If $E\subseteq \mathbb{R}$ is measurable and $\delta>0$ then there exists open set $U$ s.t. $\delta \mu(U)<\mu(E)$

Question

In part of the proof of a problem I am trying to solve I need the following fact (assume that $\mu$ is the Lebesgue measure):

If $E\subseteq \mathbb{R}$ is measurable and $\delta>0$ then there exists open set $U\subseteq \mathbb{R}$, such that $E\subseteq U$ and $\,$ $\delta \mu(U)<\mu(E)$.

I know and have proven the following fact:

Suppose $E \subseteq \mathbb{R}$. Then for each $\epsilon>0$ there exists an open set $U\subseteq \mathbb{R}$ such that $E\subseteq U$ and $\mu(U)< \mu(E)+\epsilon$.

I am pretty sure I can use the second fact to prove the first fact, but I keep getting a value of $\epsilon$ that is in terms of $\mu(U)$, which isn't good because $U$ should depend on $\epsilon$, not the other way around. Some help?

Answer 1

Let me expand Ian's comment.

First, the inequality can only hold for $\delta<1$. For example, if $E=[0,1]$ and $\delta\geq1$, there never is such a $U$. But the claim is indeed true for all $\delta\in (0,1)$.

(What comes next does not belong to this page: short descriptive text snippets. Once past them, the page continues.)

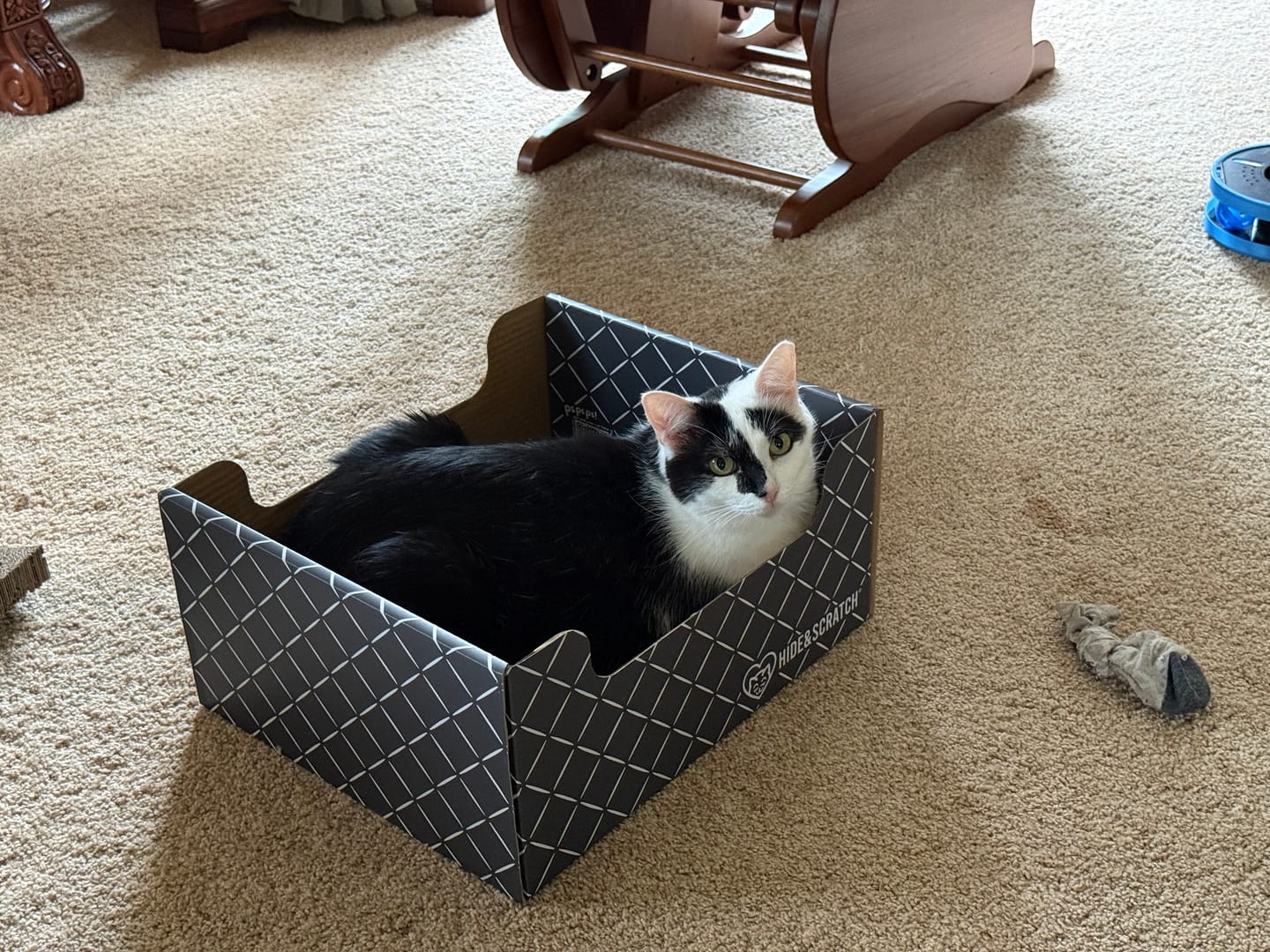 Customer photo review of Hide & Scratch Extra-Large Cat Scratcher Box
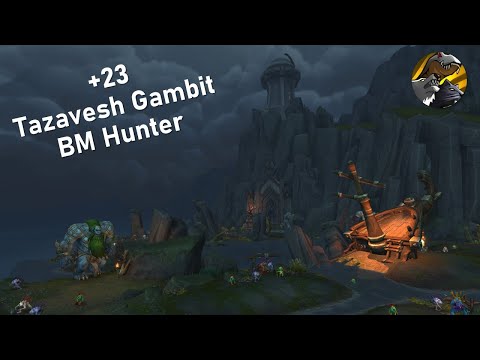 Tazavesh Gambit +23 Beastmastery Hunter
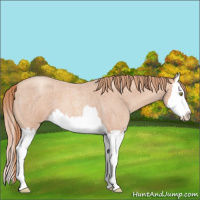 Horse Color:Gold Champagne Roan Splash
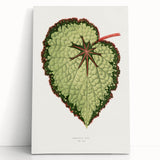 Famous Romantic Era Art: Green Begonia Rex Canvas Print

Take any such $\delta$ and work backwards: You want $\delta \mu(U)< \mu(E)$. That is, you want $$\mu(U) < \delta^{-1} \mu(E) = \mu(E) + (\delta^{-1}-1)\mu(E). $$ Now take $\epsilon=(\delta^{-1}-1) \mu(E)$ in your lemma. Then $\mu (U)<\mu (E)+\epsilon $ for some open $U \supset E$. Since this is the estimate you want, $U $ is the set you want.